## Work item
Transcribe word for word the section of the records below that opens with the line containing "Polynesian Women's Day" and closes with the line containing "Sexy Men's Ice"; drop every picture.

## Task data
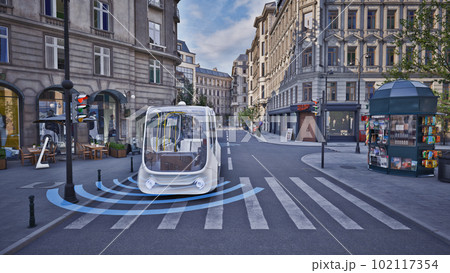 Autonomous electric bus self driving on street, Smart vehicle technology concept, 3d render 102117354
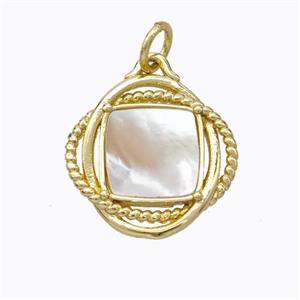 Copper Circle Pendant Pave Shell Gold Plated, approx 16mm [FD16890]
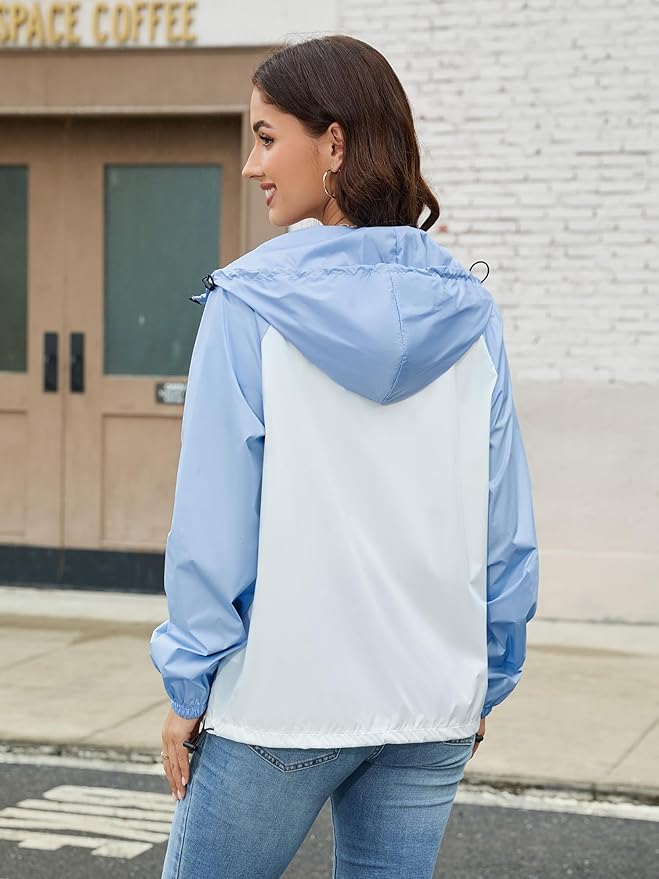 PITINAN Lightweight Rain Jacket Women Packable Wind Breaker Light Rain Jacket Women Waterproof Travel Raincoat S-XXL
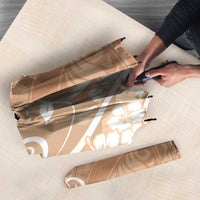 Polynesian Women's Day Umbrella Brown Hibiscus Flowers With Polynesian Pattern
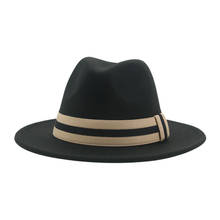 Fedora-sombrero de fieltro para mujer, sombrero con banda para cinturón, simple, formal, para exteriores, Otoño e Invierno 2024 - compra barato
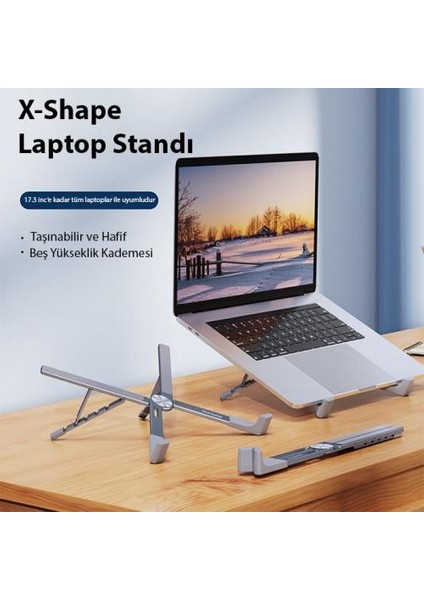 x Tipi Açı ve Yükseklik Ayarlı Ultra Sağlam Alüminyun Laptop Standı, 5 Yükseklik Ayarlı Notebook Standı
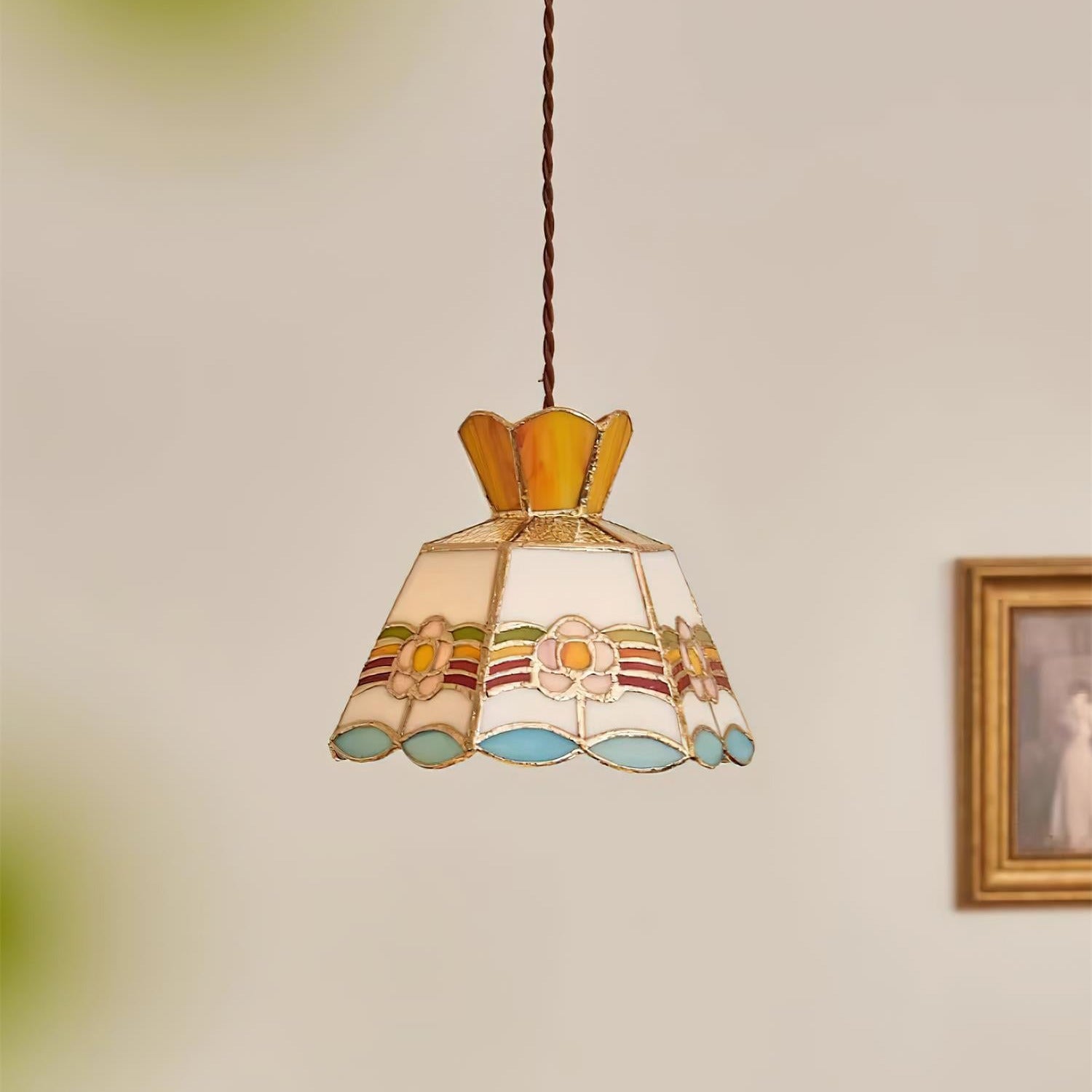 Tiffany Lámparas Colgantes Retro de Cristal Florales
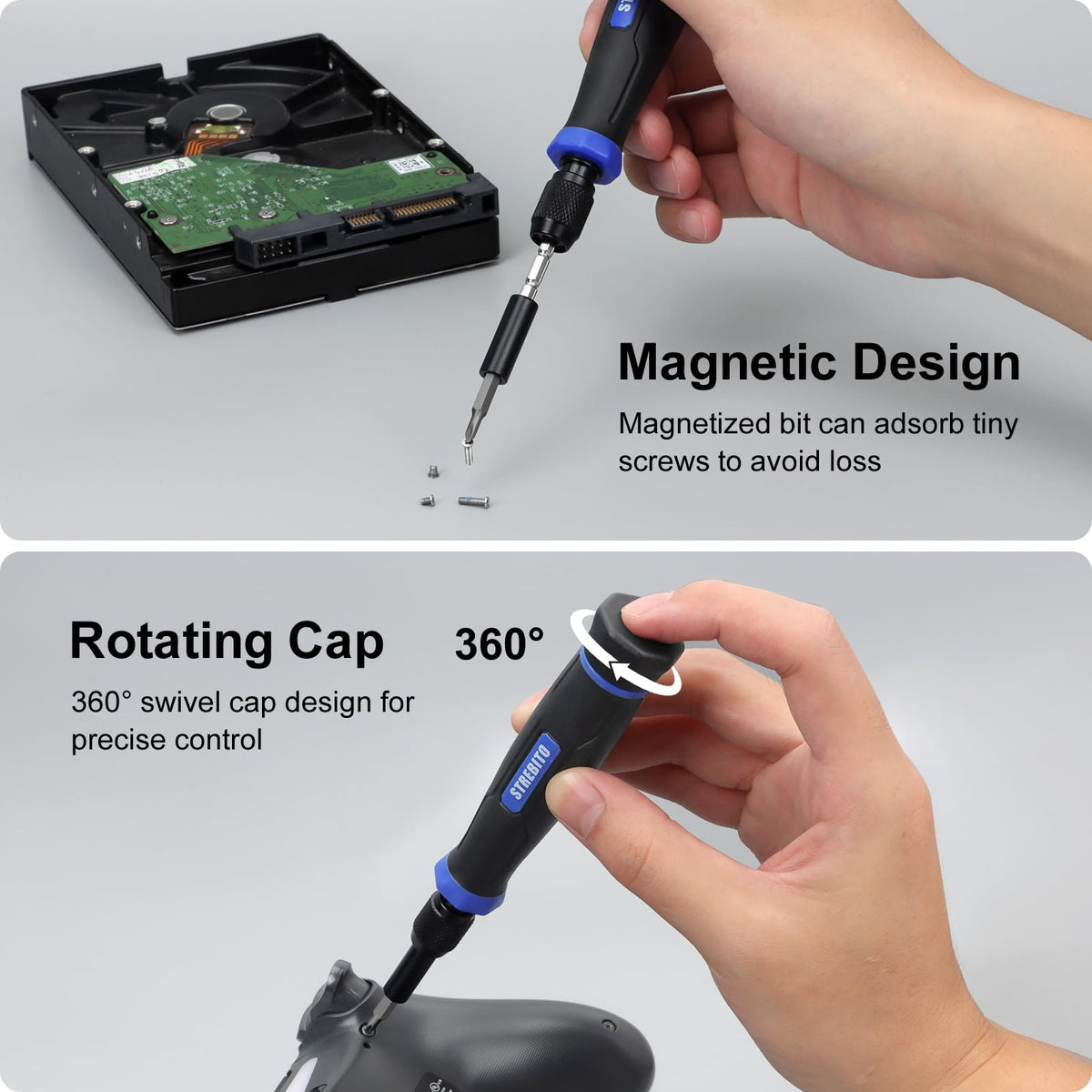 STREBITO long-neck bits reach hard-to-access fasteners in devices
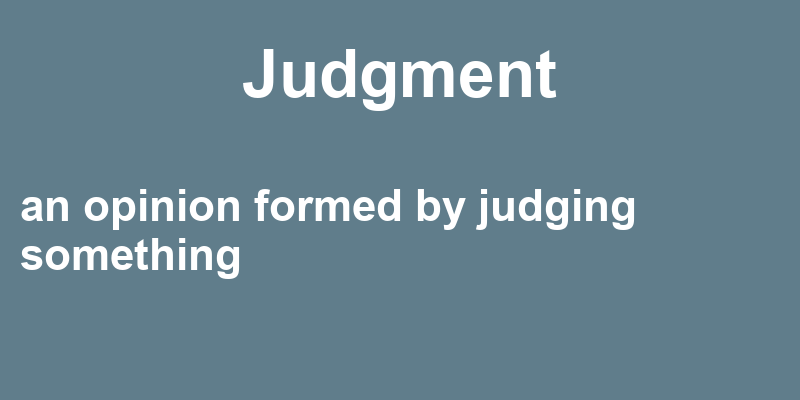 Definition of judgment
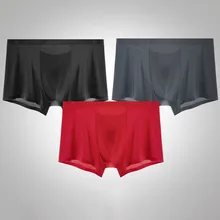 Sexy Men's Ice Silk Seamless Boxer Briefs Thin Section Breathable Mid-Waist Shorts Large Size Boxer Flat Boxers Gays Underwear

* * *

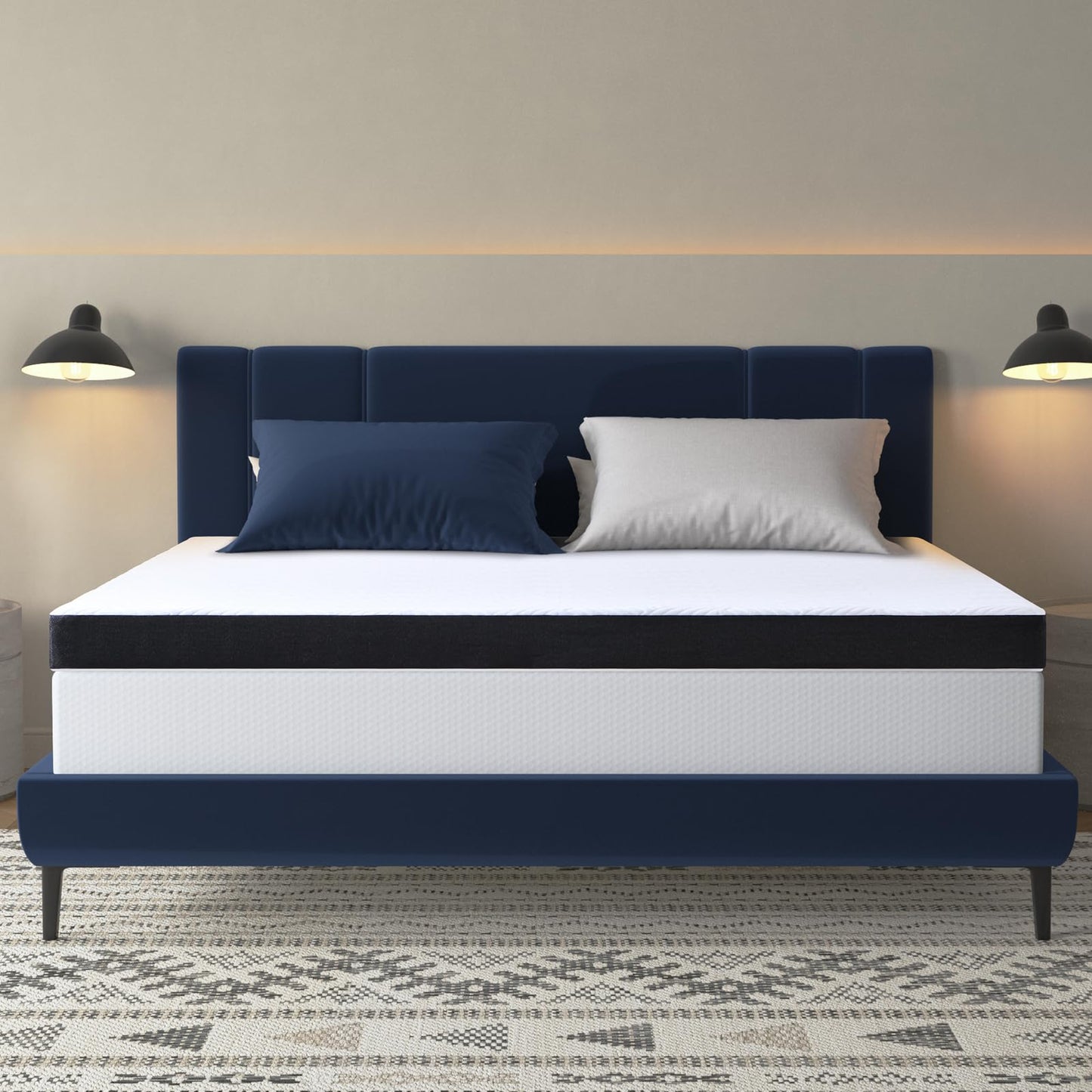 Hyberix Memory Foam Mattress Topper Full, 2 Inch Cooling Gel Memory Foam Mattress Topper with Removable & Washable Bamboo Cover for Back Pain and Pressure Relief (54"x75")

## Solution to this exercise
 Polynesian Women's Day Umbrella Brown Hibiscus Flowers With Polynesian Pattern
 Fedora-sombrero de fieltro para mujer, sombrero con banda para cinturón, simple, formal, para exteriores, Otoño e Invierno 2024 - compra barato
 x Tipi Açı ve Yükseklik Ayarlı Ultra Sağlam Alüminyun Laptop Standı, 5 Yükseklik Ayarlı Notebook Standı
 Tiffany Lámparas Colgantes Retro de Cristal Florales
 STREBITO long-neck bits reach hard-to-access fasteners in devices
 Definition of judgment
 Sexy Men's Ice Silk Seamless Boxer Briefs Thin Section Breathable Mid-Waist Shorts Large Size Boxer Flat Boxers Gays Underwear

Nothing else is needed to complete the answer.